WHAT IS EXPECTED ::
Retype the whole listing exactly. Leave out pictures.

INFORMATION GIVEN ::

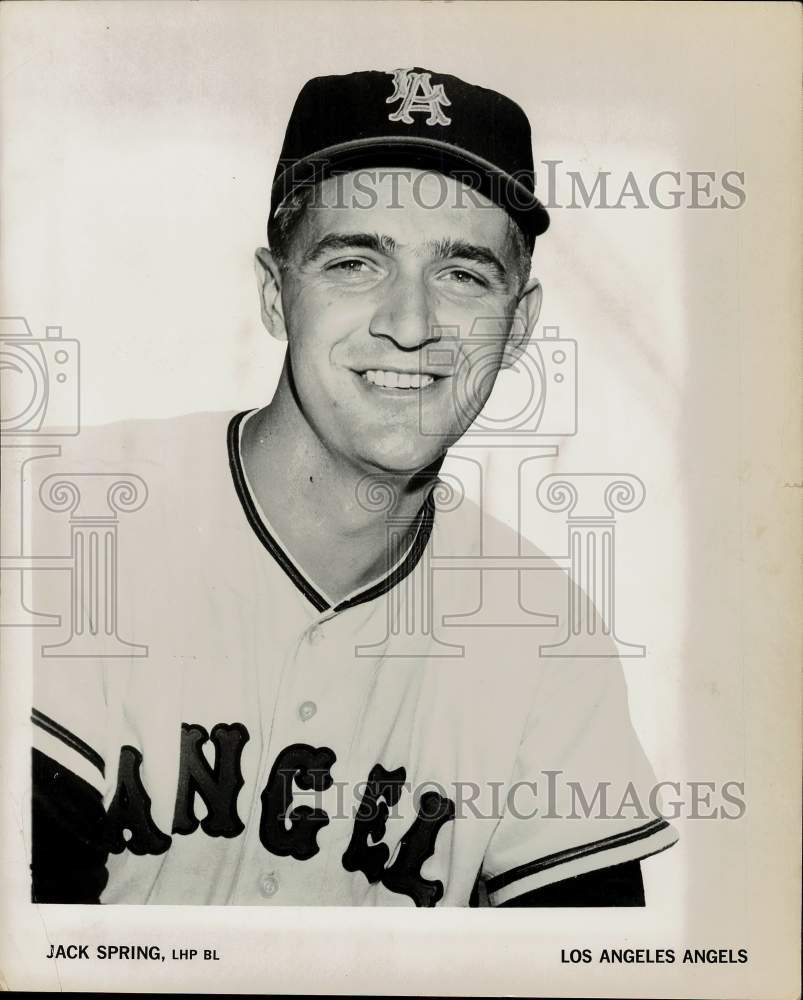 Press Photo Los Angeles Angels baseball player Jack Spring - tus07309- Historic Images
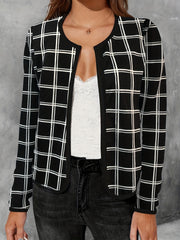 Plaid Open Front Jacket Casual Long Sleeve Jacket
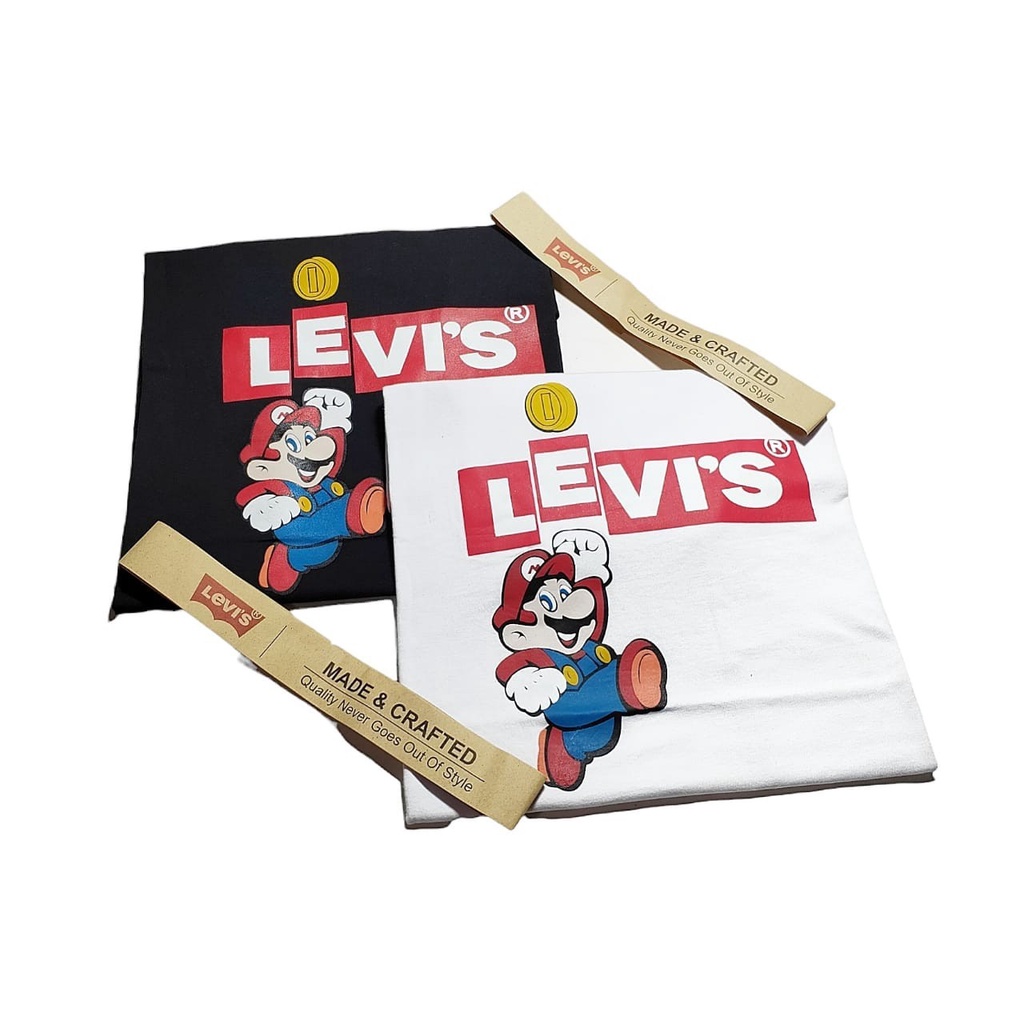Baju Kaos Pria Branded Leviz Mario Bross Premium Putih Murah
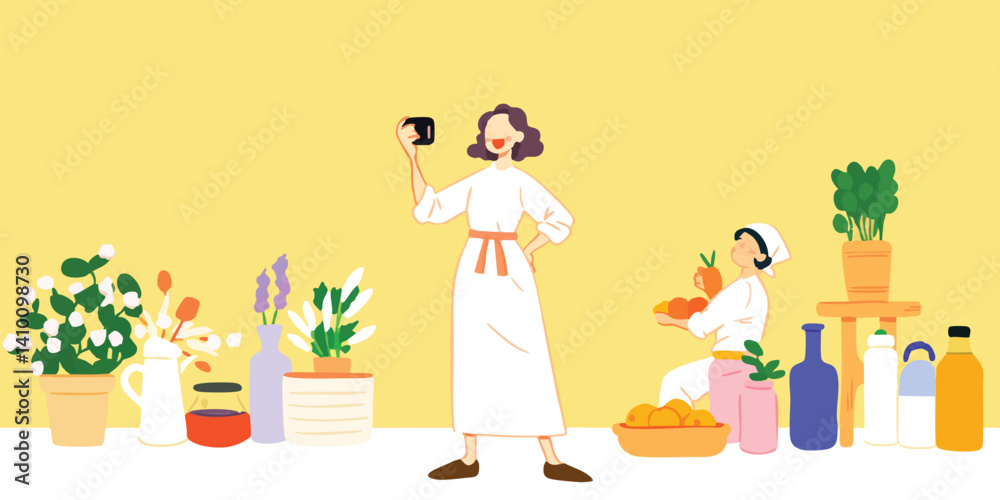 Fototapeta premium An artistic, colorful depiction showcasing a scene, capturing an atmosphere of simplicity and daily life in the modern era, blending elements of freshness, natural beauty, and simple life.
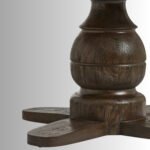 Handcrafted Rustic Crest Solid Oak Wood Round Dining Table | Natural Oak Top | Walnut Brown Pedestal Base | Made in India - Image 6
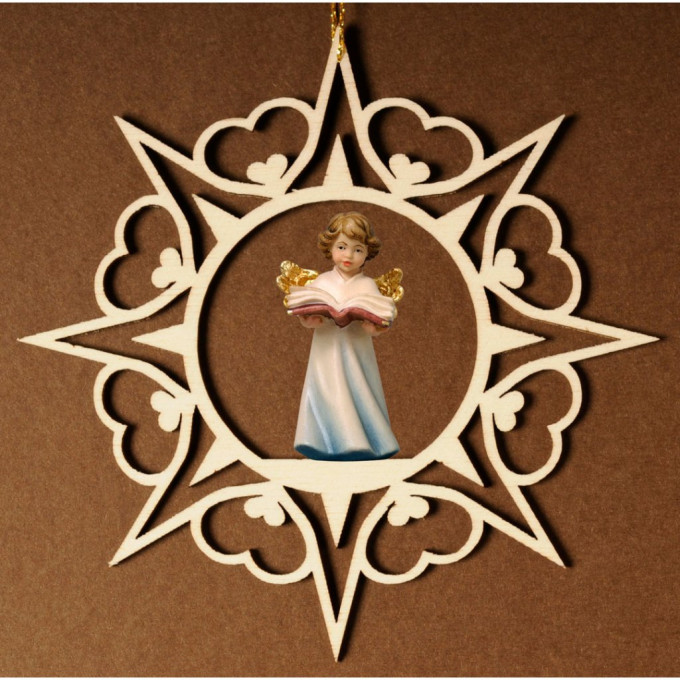 Srdcová hviezda s anjelom a knihou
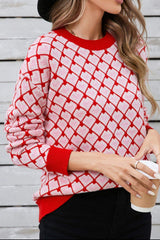 Angel Wings Contrast Round Neck Dropped Shoulder Sweater - Trendsi - Flyclothing LLC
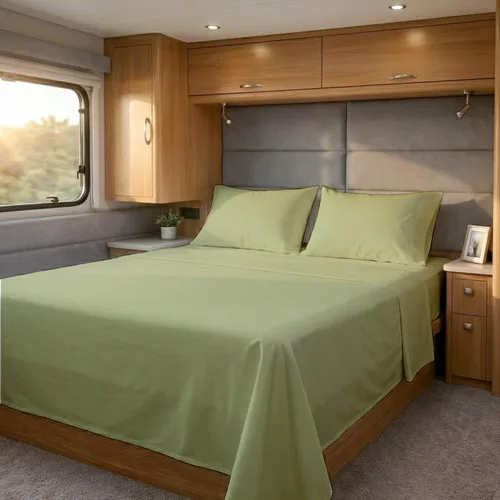 Vista 28 de Cottingon Juego de sábanas cortas de 4 piezas para caravana tamaño Queen, 100% algodón egipcio de fibra extra larga premium, juego de sábanas suaves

RESPONSE FOR THIS EXERCISE ::
 Press Photo Los Angeles Angels baseball player Jack Spring - tus07309- Historic Images
 Plaid Open Front Jacket Casual Long Sleeve Jacket
Baju Kaos Pria Branded Leviz Mario Bross Premium Putih Murah
 Fototapeta premium An artistic, colorful depiction showcasing a scene, capturing an atmosphere of simplicity and daily life in the modern era, blending elements of freshness, natural beauty, and simple life.
 Handcrafted Rustic Crest Solid Oak Wood Round Dining Table | Natural Oak Top | Walnut Brown Pedestal Base | Made in India - Image 6
 Srdcová hviezda s anjelom a knihou
 Angel Wings Contrast Round Neck Dropped Shoulder Sweater - Trendsi - Flyclothing LLC
 Vista 28 de Cottingon Juego de sábanas cortas de 4 piezas para caravana tamaño Queen, 100% algodón egipcio de fibra extra larga premium, juego de sábanas suaves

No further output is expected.